For families navigating an ALS diagnosis, the daily reality is a race against the progressive hardening of muscles and the relentless loss of motor function. While modern medicine has largely focused on palliative care and marginal life extension, a new set of long-term clinical data is challenging the status quo, offering a potential breakthrough in how we manage Amyotrophic Lateral Sclerosis.
Masitinib Treatment Yields 42.3% Five-Year Survival Rate
AB Science recently published long-term survival data on medRxiv regarding Masitinib, a tyrosine kinase inhibitor designed to block intracellular signaling pathways that trigger inflammation and cell death. The analysis focused on 130 patients who participated in the AB10015 phase 2b/3 clinical trial. The results indicate that patients administered a daily dose of 4.5mg/kg of Masitinib achieved a 5-year survival rate of 42.3% post-diagnosis. This figure climbed to 52.9% among patients who had not yet reached a state of complete functional impairment. When measured against the company’s historical control group—which reflects standard survival statistics in existing treatment environments at 23.5%—the data suggests a significant shift in patient outcomes.

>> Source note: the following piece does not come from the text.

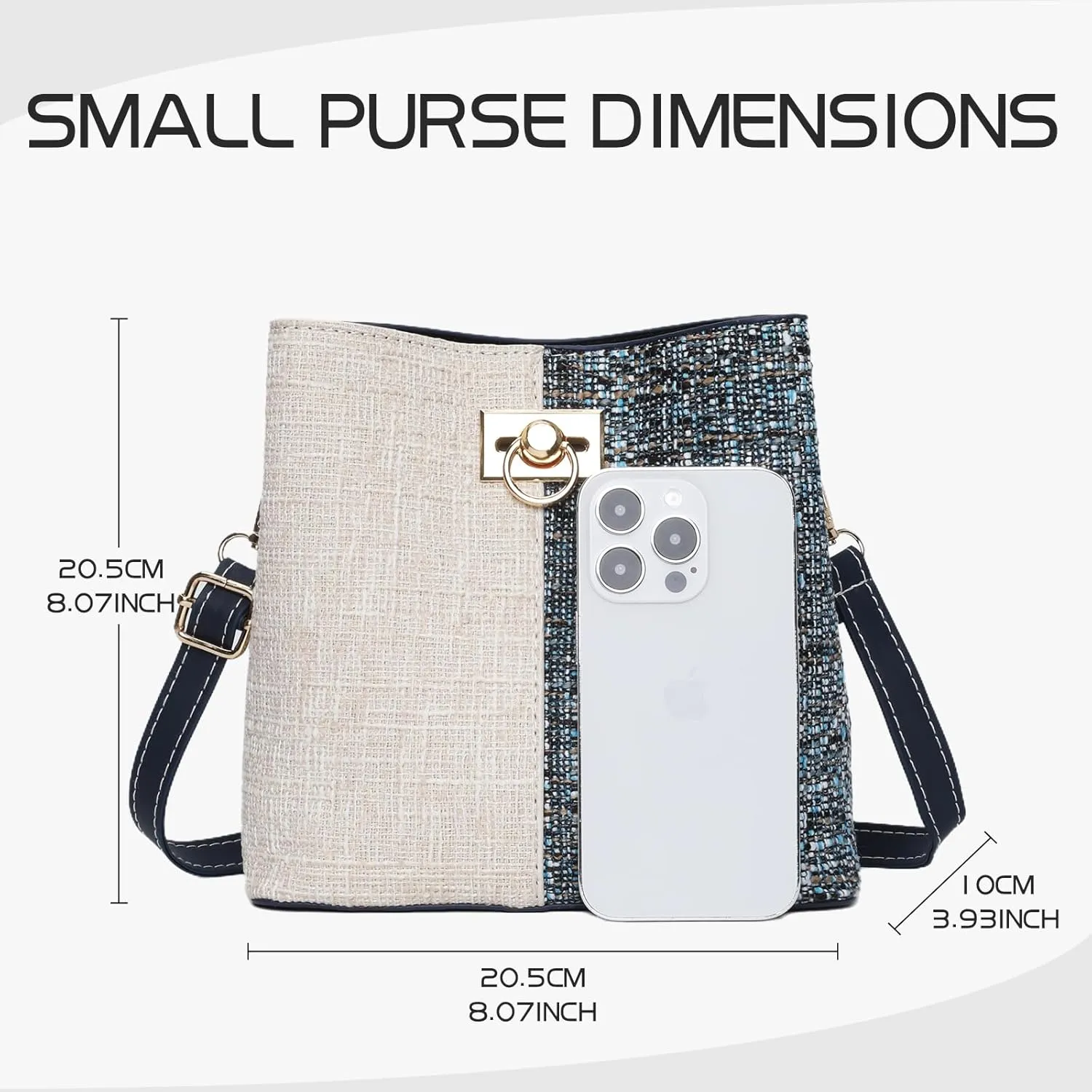 PINCNEL Small Crossbody Purses for Women, Shoulder Bag for Women, PU Leather Crossbody Bags Bucket Bag Handbags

Extending Median Survival by 79 Months
The true impact of the drug becomes clear when comparing the clinical results against established prognostic models. The European Network for the Cure of ALS (ENCALS) survival prediction model estimated a median survival duration of 42 months for this patient cohort. However, the actual observed median survival for those treated with Masitinib reached 121 months. This represents an additional 79 months of life, a substantial deviation from the expected progression of the disease. Beyond the raw survival numbers, the quality of life metrics are equally compelling; 49% of the long-term survivors maintained their independence without the need for mechanical respiratory support.
These findings have provided the momentum for AB Science to initiate the AB23005 confirmatory clinical trial, which will enroll 408 patients. This study will utilize a randomized, double-blind design to compare a combination therapy of Masitinib and Riluzole against a control group receiving Riluzole and a placebo. By inhibiting the abnormal activity of microglia and mast cells, Masitinib aims to fundamentally slow the neurodegenerative cascade that defines ALS.
Patients are moving toward a future where treatment focuses on preserving daily life rather than merely slowing the inevitable decline.